Increased Testing of Extreme, But Likely Scenarios

In a previous blog, we explained what an important business service is. Whilst we also covered 9 questions firms need to ask themselves, as they build their respective scenario testing strategies. This is an area that has become of greater interest to regulators. As a result, more demands are being placed on firms to demonstrate that sufficient levels of testing exist at each stage of their software development life cycle.

However, this also expands into “What If?” analysis across their supply chains, their workforces (e.g. a global pandemic), and their technology systems. 

At the very least, firms need to grasp and report on:

  • What testing is being performed?

  • What is being tested and the frequency of the testing?

  • The coverage of the testing and the type of testing being executed.

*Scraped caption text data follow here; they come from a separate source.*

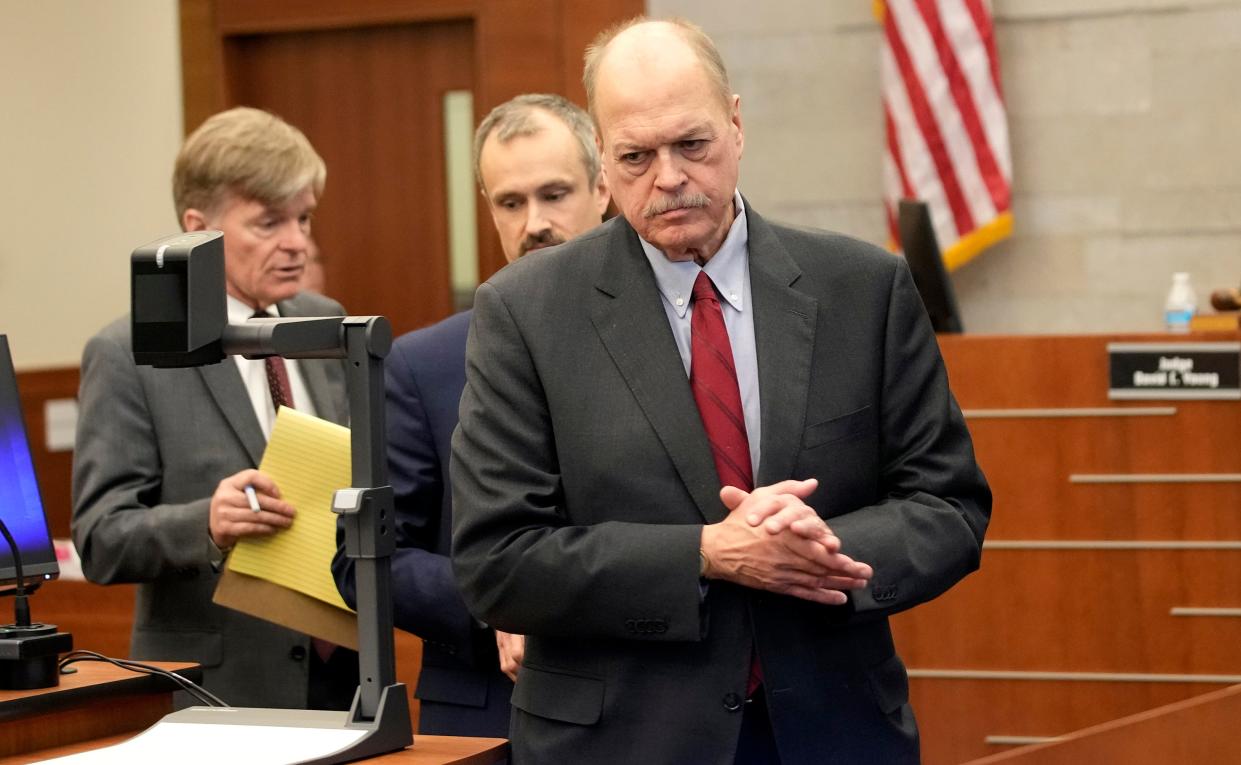 (Right to left) Special prosecutor Tim Merkle, Montgomery County Assistant Prosecuting Attorney Josh Shaw and special prosecutor Gary Shroyer return to their side of the courtroom on Friday to hear a question from the Franklin County Common Pleas Court jury in the murder trial of former Franklin County Sheriff's deputy Jason Meade. A mistrial was eventually declared Friday after the jury could not reach a verdict on two counts of murder and one count of reckless homicide against Meade in the Dec. 4, 2020, shooting death of 23-year-old Casey Goodson Jr. at a home in Columbus' North Linden.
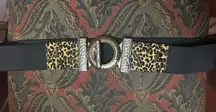 Leopard Print Brown Poly Brass Buckle Leopard Print Belt with Silver Accents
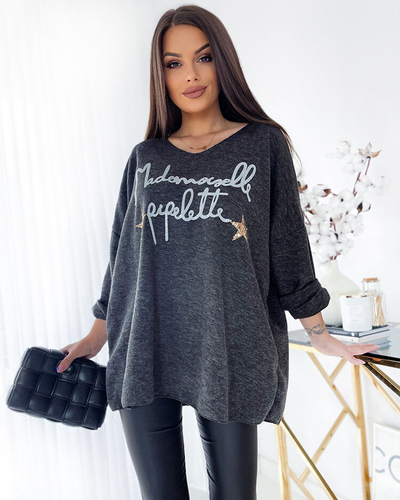 Royalfashion Темно-серая женская блузка с надписями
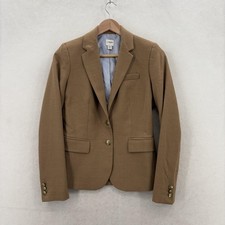 J.Crew Schoolboy Blazer Womens 00 Brown Wool Two Button Jacket Career Tailored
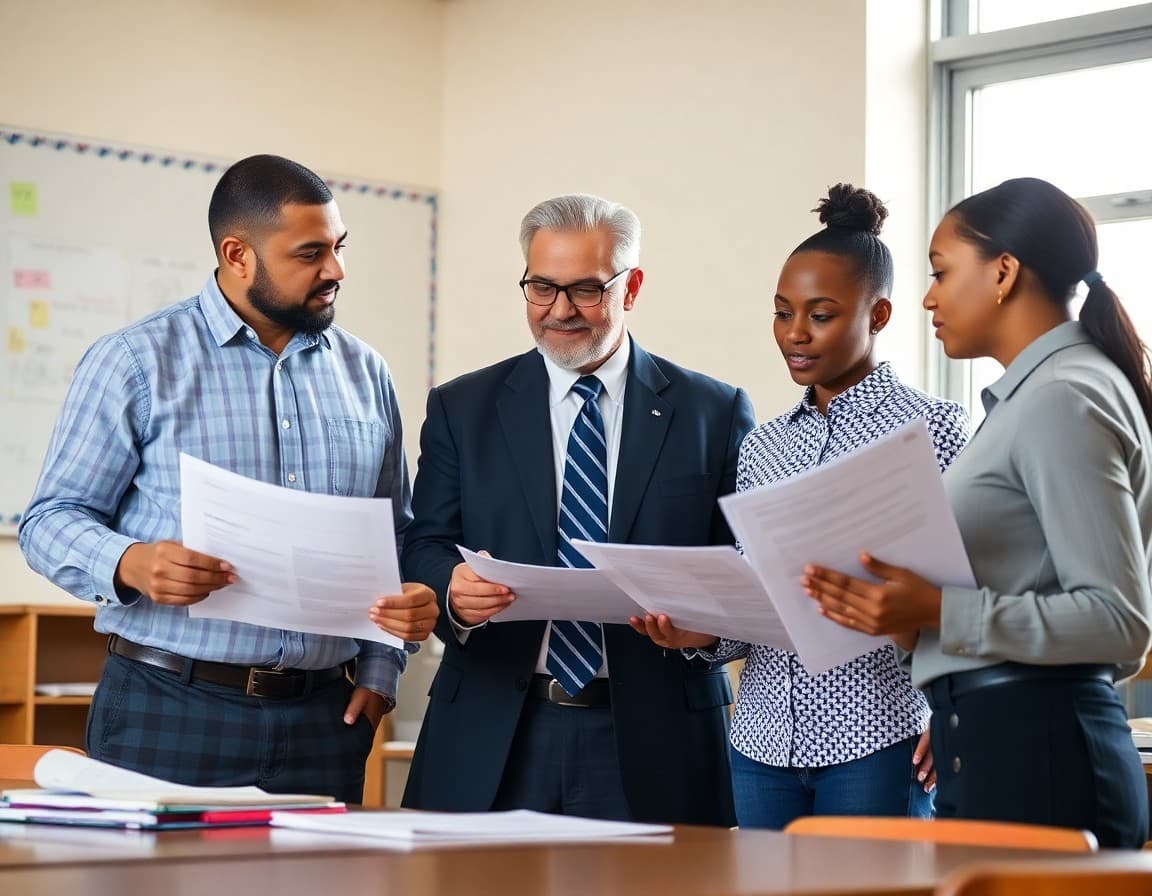 Charter school principal reviewing renewal application documents with school board members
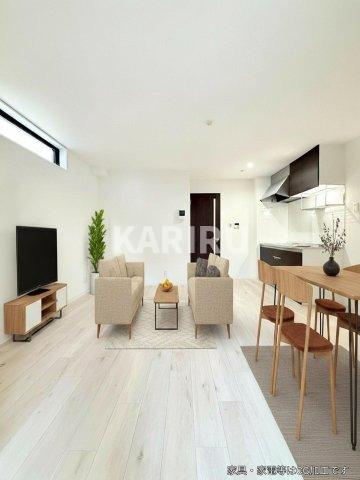 NAGAMORI新深江の居間・リビング|本画像はCGで作成しており、実際に現地に家具は置かれておりません。また、価格に家具は含まれておりません。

  • What the testing has revealed and how any unexpected outcomes were identified.

  • The firms plan to respond, mitigate or nullify any unexpected outcomes from the testing.

 

In Closing:

It is evident that there is a long road ahead for firms, as they build a deeper understanding of their operational resilience. Indeed, it will take time and significant effort to address operational resilience challenges for firms of varying scale & complexity. However, in a sector that is increasingly digital by default, experiencing downtime for a matter of seconds could have severe consequences on firms, customers, and the wider financial system. 

Firms need to act swiftly by building common terminologies, frameworks, and responsibilities across the organisation so that a coherent operational resilience strategy can be formulated. This means the securing of board-level support and making operational resilience a strategic imperative for the organisation.